Image-text web data:
Start of Block

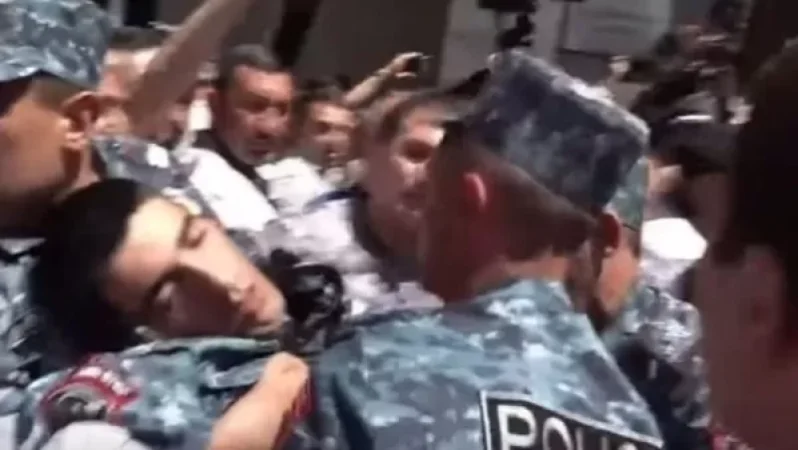 Տասնյակից ավելի ոստիկաններ վնասվածքներ են ստացել․ քրգործ է հարուցվել երեկվա անկարգությունների դեպքի առթիվ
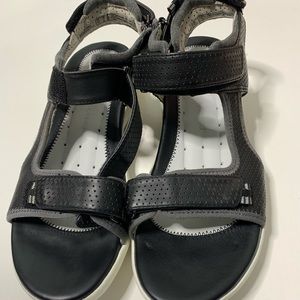 Clarks artisan unstructed sandals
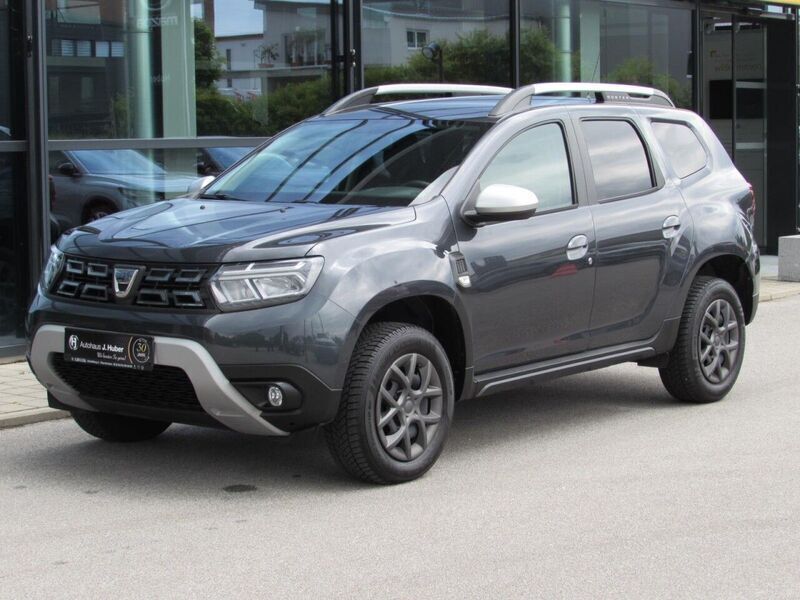 Grau comete Gebraucht 2022 Dacia Duster Prestige SUV | 16.990 € (Fairer Preis) - Bild 1/4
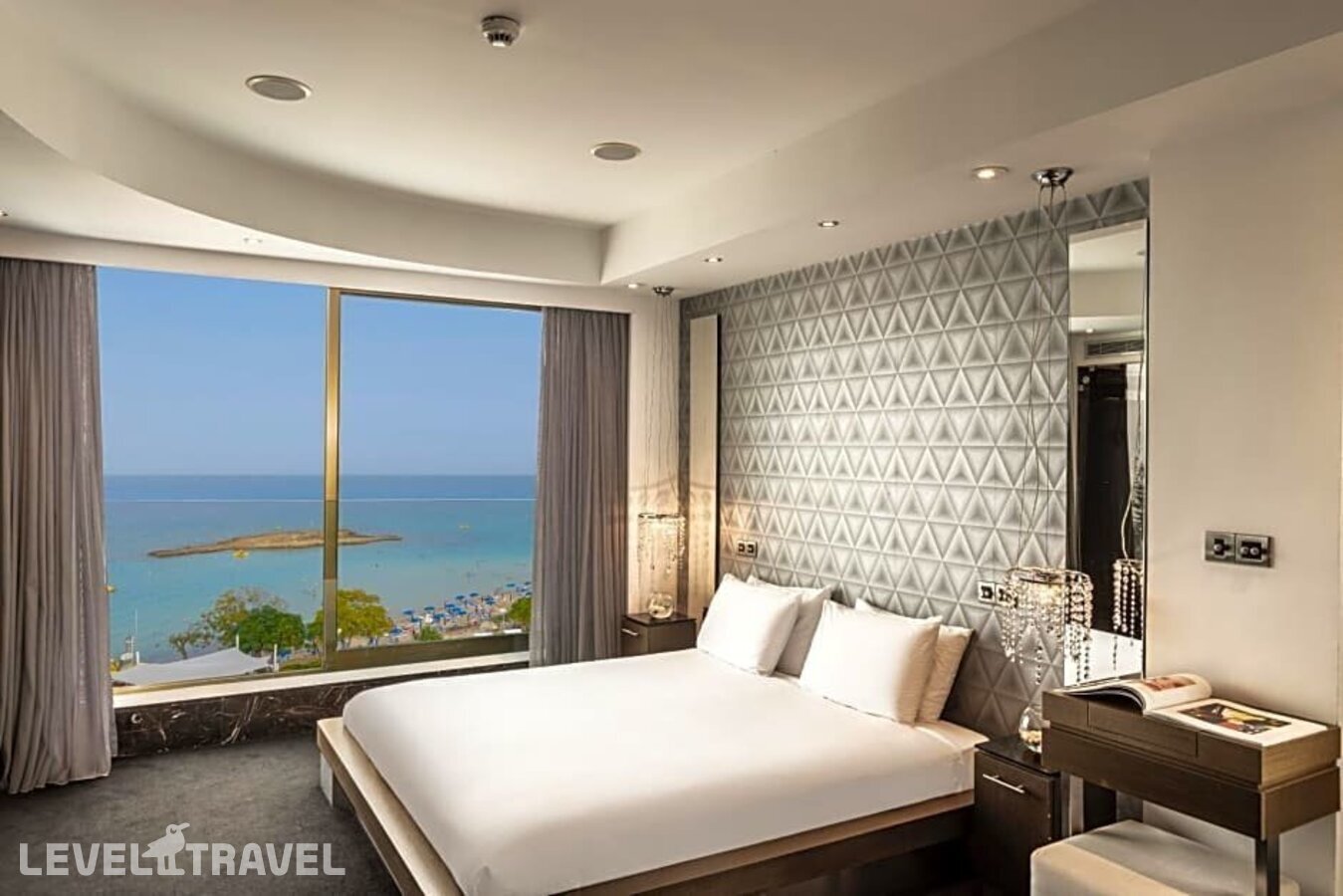 фотографии номера Полулюкс с видом на море отеля Capo Bay Hotel в Кипр(Фиг Три Бэй) - фото №18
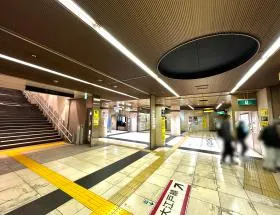 六本木駅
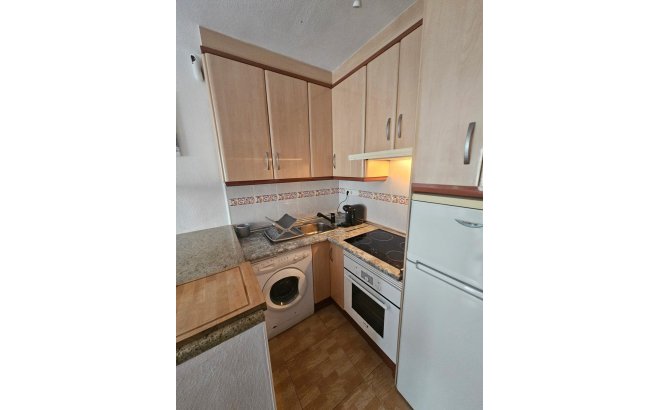 Resale - Bungalow -
Torrevieja - Lago Jardin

End of Block

▶ What to work on
What is needed is a verbatim copy of the entries, leaving out any pictures.

▶ Exercise output
 Տասնյակից ավելի ոստիկաններ վնասվածքներ են ստացել․ քրգործ է հարուցվել երեկվա անկարգությունների դեպքի առթիվ
 Clarks artisan unstructed sandals
 Grau comete Gebraucht 2022 Dacia Duster Prestige SUV | 16.990 € (Fairer Preis) - Bild 1/4
 фотографии номера Полулюкс с видом на море отеля Capo Bay Hotel в Кипр(Фиг Три Бэй) - фото №18
 六本木駅
 Resale - Bungalow -
Torrevieja - Lago Jardin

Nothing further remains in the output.